# Bellator 39 - Lyman Good Vs. Rick Hawn



## kedbecker (Apr 8, 2011)

a pretty good example of the problem of the scoring system.

the scoring system forces the judges to pick a winner (for each round, and for the whole fight). so it's enough that a fighter would just be a little better than the other to win the round.

and that's what both fighters did. in the second round Rick Hawn took Good down and held him there. did no damage, and didn't try to do a lot either. just focused on keeping him down, winning the round.

in the third round Good was afraid Hawn would pull another take down so he tried playing it very safe, keeping his distance from Hawn, not once risking himself by trying to land big punches. The small punches that he did land did no damage at all, but they scored, and he hoped it would be enough to win the round, and maybe the fight (and one judge scored exactly that so he didn't miscalculate).

so by using the scoring system and focusing on the win both fighters fought a very safe fight not taking chances, not trying to finish, hoping they will score just enough to win, not concentrating or even pursuing damage, making for not a very exciting fight.

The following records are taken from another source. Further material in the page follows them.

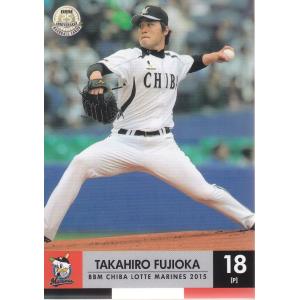 15BBM 千葉ロッテマリーンズ M28 植松優友 : スポーツカードミント博多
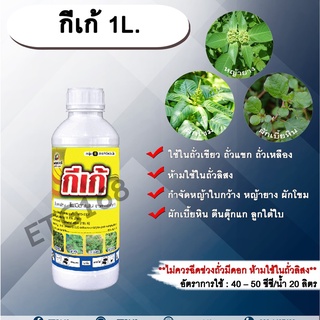 กีเก้ 1L.โฟมีซาเฟน 🥜สารกำจัดหญ้า ใบกว้าง ในถั่วเขียวผิวมัน ถั่วเขียวผิวดำ ถั่วเหลือง สารกำจัดวัชพืช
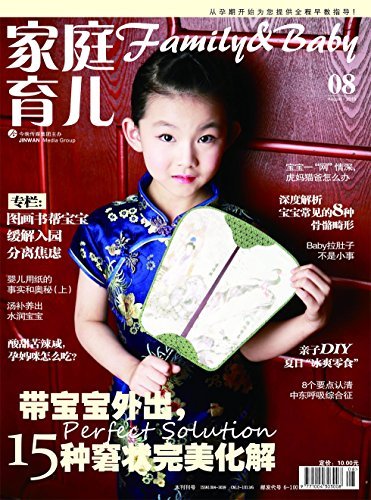家庭·育儿 月刊 2015年08期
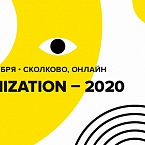 Optimization 2020: ТОП-5 секций, которые нельзя пропустить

one more thing, this fight was an obvious draw (like many fights today because many play this same game of trying to use the scoring system instead of winning conclusively). there was no damage. no control. almost no punches landed. giving this fight to either fighter is missing the truth of this fight. out of a 1000 people probably 500 would give it to each fighter. forcing judges to choose a winner for each round even when there is obviously no winner is not only like promoting a lie. it also promotes boring fights.


----------



## KingJo (Apr 21, 2011)

rick hawn will win the tourney


----------